→ REQUIREMENT
Reproduce, exactly, the lines of the material below from the line containing "Schönes und sehr" through the line containing "Preview: OLIVER PEOPLES", with both end lines included and nothing else.

[TASK DATA Boundary: Start]

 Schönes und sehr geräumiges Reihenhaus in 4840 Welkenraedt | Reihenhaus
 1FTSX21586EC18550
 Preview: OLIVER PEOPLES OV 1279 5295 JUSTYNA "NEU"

[TASK DATA Boundary: End]
[TASK DATA Boundary: Start]

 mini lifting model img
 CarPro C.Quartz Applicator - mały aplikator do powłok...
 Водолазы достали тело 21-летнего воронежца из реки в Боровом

[TASK DATA Boundary: End]

→ RESULT OF THE TASK
 Schönes und sehr geräumiges Reihenhaus in 4840 Welkenraedt | Reihenhaus
 1FTSX21586EC18550
 Preview: OLIVER PEOPLES OV 1279 5295 JUSTYNA "NEU"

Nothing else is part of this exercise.